For example, to include the FooBar
source into the heroku-rails
project, use the git submodule add
command.
$ cd ~/Code/heroku-rails
$ git submodule add https://github.com/myusername/FooBar lib/FooBar
Cloning into 'lib/FooBar'...
remote: Counting objects: 26, done.
remote: Compressing objects: 100% (17/17), done.
remote: Total 26 (delta 8), reused 19 (delta 5)
Unpacking objects: 100% (26/26), done.
This command creates a submodule called FooBar
and places a FooBar
directory with the library’s full source tree into the lib
application directory.
After a Git submodule is added locally, commit the new submodule reference to your application repository.
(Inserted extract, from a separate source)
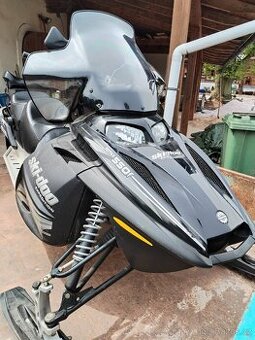 sněžný skútr ski doo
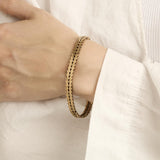 Modellen er 15-16 cm i størrelse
$ git commit -am "adding a submodule for FooBar"
[main 314ef62] adding a submodule for FooBar
2 files changed, 4 insertions(+)
create mode 160000 FooBar
Heroku resolves and fetches submodules as part of deployment.
$ git push heroku
Counting objects: 13, done.
...
-----> Heroku receiving push
-----> Git submodules detected, installing Submodule 'FooBar' (https://github.com/myusername/FooBar.git) registered for path 'FooBar'
Initialized empty Git repository in /tmp/build_2qfce3fkvrug9/FooBar/.git/
Submodule path 'FooBar': checked out '667e0b5717631a8cca657a0aa306c045f06cfda4'
-----> Ruby/Rails app detected
...
Failures to fetch the submodules cause the build to fail.
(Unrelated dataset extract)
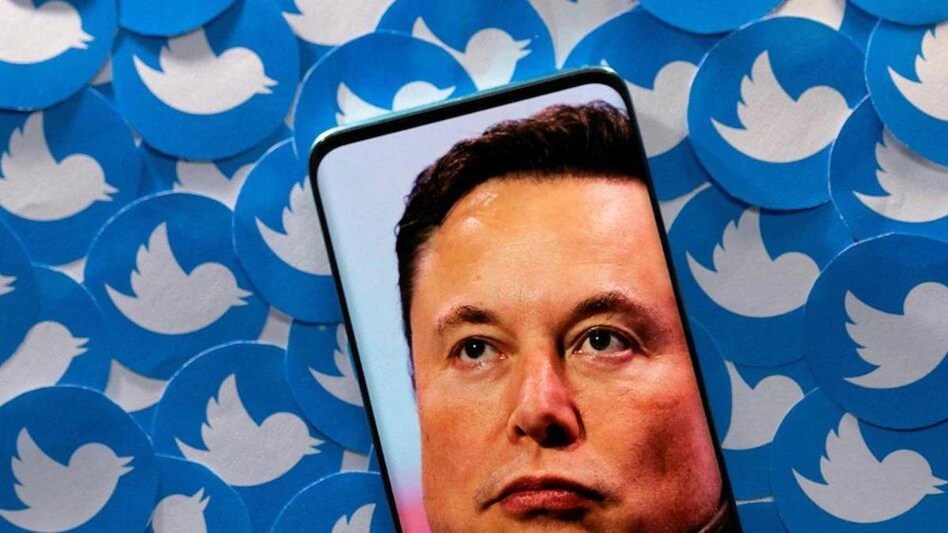 Elon Musk seems to be in troubled waters as his first interest payment nears Elon Musk seems to be in troubled waters as his first interest payment nears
If possible, use your language’s preferred dependency resolution mechanisms. Submodules can be confusing and error-prone.
Using submodules for builds on Heroku is only supported for builds triggered with Git pushes. Builds created with the API don’t resolve submodules. The same is true for GitHub sync.
Vendoring
While Git submodules are one way to quickly reference external library sources, users often run into issues with its nuanced update lifecycle. If you find the usability of submodules to be counterproductive, you can vendor the code into the project.
Many frameworks allow the use of vendored code, which simply copies the source of the reference library into the application’s source tree.
$ git clone <remote repo> /path/to/some/directory
$ cp -R /path/to/some/directory /app/vendor/directory
$ git add app/vendor/directory
A downside of this approach is that it requires a manual download and copy process when the external library is updated. However, for an external resource that changes slowly or one that you don’t want to introduce changes from, this approach is an option.